For a straight through the inside installation, the pipe would be running 20+ feet up in a room with a cathedral ceiling it would not
look good. I understand it would be the best way to install but the asthetics would not be good at all in this particular room. So the Supervent is OK to use the 15 degree elbows to offset on the exterior? I wasn't sure, I thought I read somewhere that it was only for interior offsets.


----------



## Hogwildz (Mar 27, 2011)

You could cut the soffit out with the needed clearance and do without the elbows. Easier to clean I would bet.


----------



## ewest (Mar 27, 2011)

Does anyone know what the maximum horizontal run allowed is for a through the wall chimney?


----------



## Backwoods Savage (Mar 27, 2011)

I've seen it done both ways.


CAUTION:  If you go with the horizontal do not forget that you need a minimum of 1/4" rise per foot of horizontal pipe. The 1/4" is minimum. We went about 1/2" per foot and have no problems.


----------



## Wood Heat Stoves (Mar 27, 2011)

If you can't go straight up through the ceiling, then I would go with the offsets in the chimney as opposed to a long horizontal run out the wall. Horizontal pipe, even with the minimum rise, kills the draft, although a tall system will help offset that. It's also a place for ash and creosote to collect requiring disassembling the pipe to clean, which can be a real pain to do.


----------



## Backwoods Savage (Mar 27, 2011)

Wood Heat Stoves:  In theory you are very correct. In practice, we have not found that to be true at all. Our present chimney is horizontal through the wall and this is the second one we've had plus I've known a few others who have done this. I also recall one day I saw a fellow putting in a new one and I could hardly believe all the horizontal run he had before going up. I later found out he also had no problems with it. 

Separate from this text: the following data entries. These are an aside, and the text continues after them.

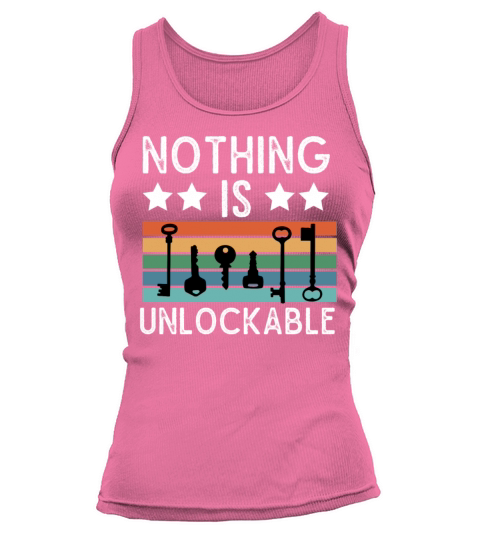 Locksmith Nothing Is Unlockable Pick Tools Tank top Woman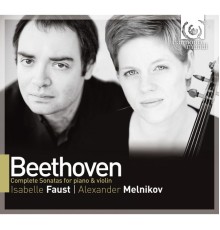 Isabelle Faust - Alexander Melnikov - Ludwig van Beethoven : Sonates pour violon & piano (Intégrale) (Isabelle Faust - Alexander Melnikov)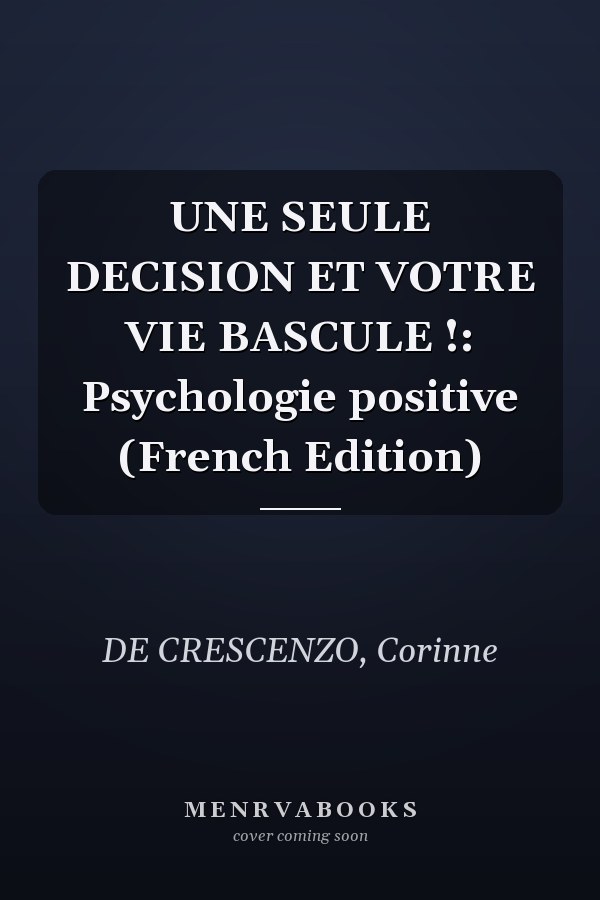 UNE SEULE DECISION ET VOTRE VIE BASCULE !: Psychologie positive (French Edition)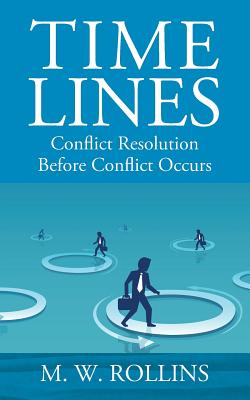 Time Lines: Conflict Resolution Before Conflict Happens - M. W. Rollins
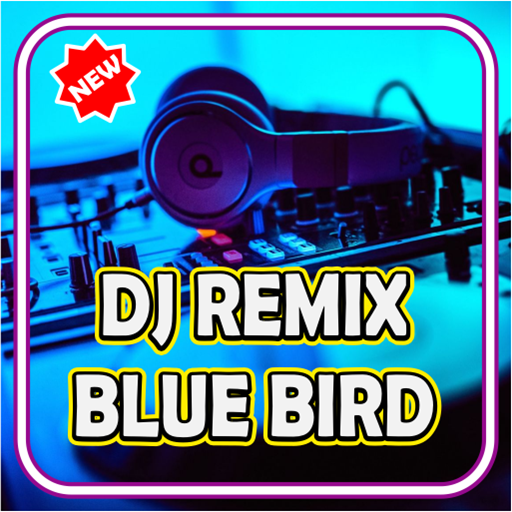 DJ Blue Bird Terbaru Full Bass icon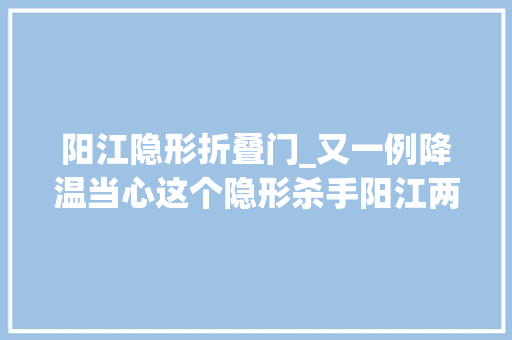 阳江隐形折叠门_又一例降温当心这个隐形杀手阳江两兄弟一去世一晕厥
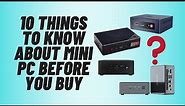 10 Things To Know About Mini PC Before You Buy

For sure if one does not have good dry wood he may very well have some big problems; even more so than if it were all vertical. The key, like all wood burning is in the fuel.


----------



## Wood Heat Stoves (Mar 27, 2011)

You're right about the key being dry wood and good, hot fires on a regular basis, as well as avoiding long, low burns. Tee systems with a run of horizontal pipe, while not as good as a straight up chimney system, work fine. My point was to avoid long horizontal runs, longer than you would normally do when going through a typical 2x4 or 2x6 wall and then up.


----------



## ewest (Mar 27, 2011)

Thank you all for your advice. It seems as though I can do it either way, and not notch out my soffit (which I would like to avoid). The horizontal run would be not more than 40 inches from the very start at  the inside elbow coming off the vertical pipe on the stove to the vertical TEE outside. Is 40 inches considered a long horizontal run? I am obviously a novice at this, so would appreciate specific advice.


----------



## Backwoods Savage (Mar 27, 2011)

Wood Heat Stoves said:
			
		

> You're right about the key being dry wood and good, hot fires on a regular basis, as well as avoiding long, low burns. Tee systems with a run of horizontal pipe, while not as good as a straight up chimney system, work fine. My point was to avoid long horizontal runs, longer than you would normally do when going through a typical 2x4 or 2x6 wall and then up.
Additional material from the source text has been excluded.